Understanding the role of actuaries in implementing IFRS 17

Olorundare Sunday Thomas,Commissioner for Insurance/CE National Insurance Commission (NAICOM)

JOSEPH INOKOTONG, in this piece, writes that actuaries have a big role to play in alleviating the challenges of International Financial Reporting Standard (IFRS 17) implementation in the insurance industry.

THE insurance industry in Nigeria has recorded tremendous achievements and it has continued to strive to break new grounds.

One of the challenges that the sector is grappling with is how to overcome the pervasive challenges of International Financial Reporting Standard (IFRS 17) implementation. This can be attributed to the shortage of qualified resource personnel like the actuaries.

The role of the actuaries in the insurance industry cannot be over-emphasised as the financial service regulatory agencies mandate quoted companies and others to file their financial reports on stipulated periods.

Actuaries are professionals who use mathematics and statistics to analyse the financial costs of risk and uncertainty.

In the insurance industry, they play a crucial role in helping insurance companies determine the premiums they should charge for policies. They also help to set reserves, which are the funds that insurance companies set aside to pay future claims. Actuaries are the people who make sure that insurance companies have enough money to pay out claims while still making a profit.

If a country doesn’t have enough actuaries, it can have a big impact on the insurance industry. Without enough actuaries, insurance companies may not be able to properly analyse and price their policies. This can lead to premiums that are either too high or too low, which can cause problems for both the insurance companies and the people who buy policies. It can also lead to more claims going unpaid, which can cause a lot of financial hardship for policyholders. It is really important to have enough actuaries to keep the insurance industry running smoothly.

For instance, experts say in countries like India, there is a big shortage of qualified actuaries. This, they noted, is leading to problems in the insurance industry, including higher premiums and lower claim payouts. It is a challenge that needs to be addressed and some countries are starting to take steps to address it.

In India, for example, the government is working to make it easier for the people to become qualified actuaries. They are also trying to attract more people to the profession by increasing salaries and offering other incentives.

It is important to make sure that there are enough qualified actuaries to meet the needs of the insurance industry. It is not just about making sure the industry runs smoothly, but also about protecting the people who depend on insurance for their financial security.

There are a lot of good reasons to consider a career as an actuary. Experts say it is a well-respected profession and it offers a lot of opportunities for advancement.

Actuaries can work in many different industries, not just insurance. They also tend to earn very good salaries and the job outlook is very positive.
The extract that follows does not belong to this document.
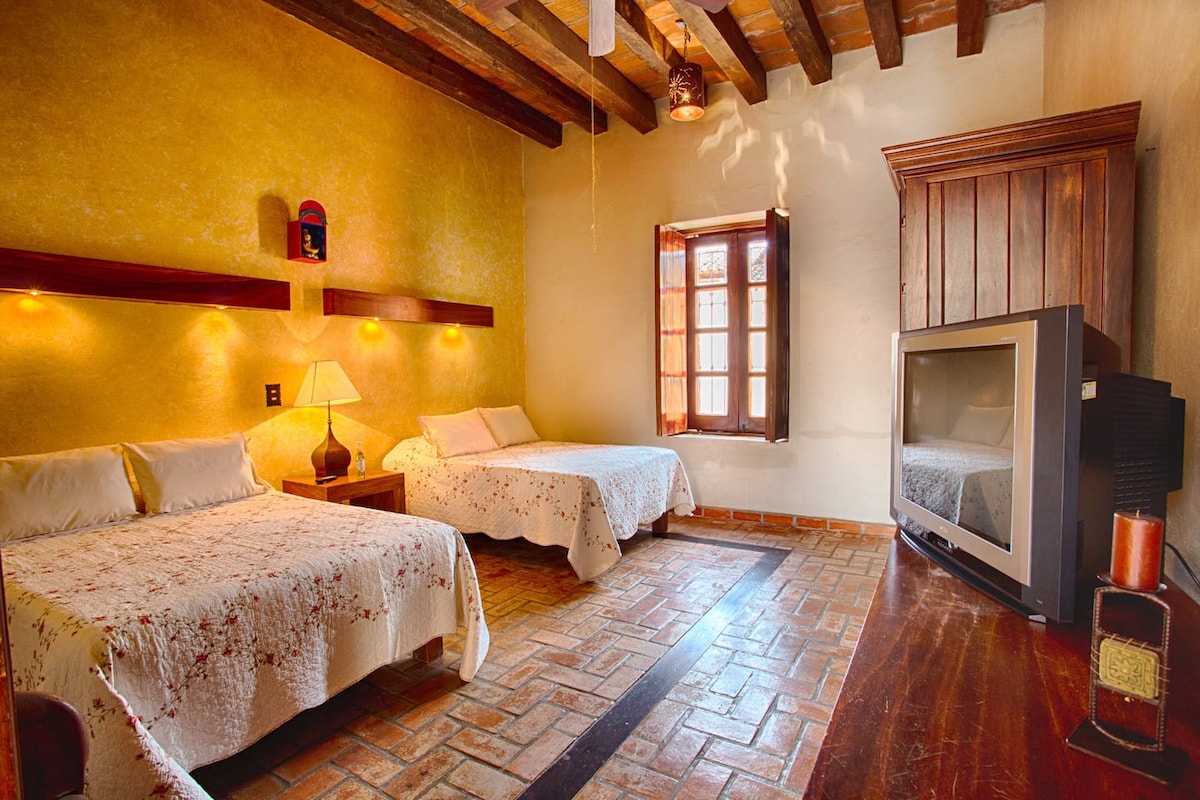 באתר, סלון, שטח ושירותים לאורחים, מיטה, פרטי עיצוב, תמונה של כל החדר, טלוויזיה ומדיה, מיקום, נוף (של הנכס/החדר)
The best part is that it is a career that allows one to use their mathematical and analytical skills to solve real-world problems.

There is a correlation between actuaries and the International Financial Reporting Standard (IFRS 17).

The IFRS 17 is a set of accounting standards for insurance contracts and it was developed by the International Accounting Standards Board (IASB). It is an important standard because it helps to ensure that insurance companies are reporting their financial information consistently and transparently. Actuaries play a key role in implementing the IFRS 17 because they are responsible for helping insurance companies determine how to account for their insurance contracts under the new standard.

The IFRS 17 has a lot of implications for actuaries because it changes the way insurance contracts are accounted for. In the past, insurance companies could use different methods to value their insurance contracts, which made it difficult to compare the financial performance of different companies. However, IFRS 17 requires all insurance companies to use the same valuation method, which will make it easier to compare companies and understand their financial performance. So, actuaries will need to be familiar with the IFRS 17 and how it affects the way insurance contracts are valued.

Under IFRS 17, insurance companies need to calculate something called the ‘contractual service margin’ (CSM). This is a new concept that represents the amount of profit that an insurance company expects to make from an insurance contract over its lifetime. So, actuaries need to be able to calculate the CSM for all of the insurance contracts that their company has issued. They also need to make sure that the CSM is updated over time, as new information becomes available.

The IFRS 17 is a very complex standard and it requires a lot of specialised knowledge to implement it properly. Actuaries have the training and expertise to do this, so they are a key part of the process. Many people consider actuaries to be the “gatekeepers” of the IFRS 17. They are the ones who make sure that the standard is being implemented correctly and that the financial information is accurate. They play a very important role in making sure that the IFRS 17 is effective.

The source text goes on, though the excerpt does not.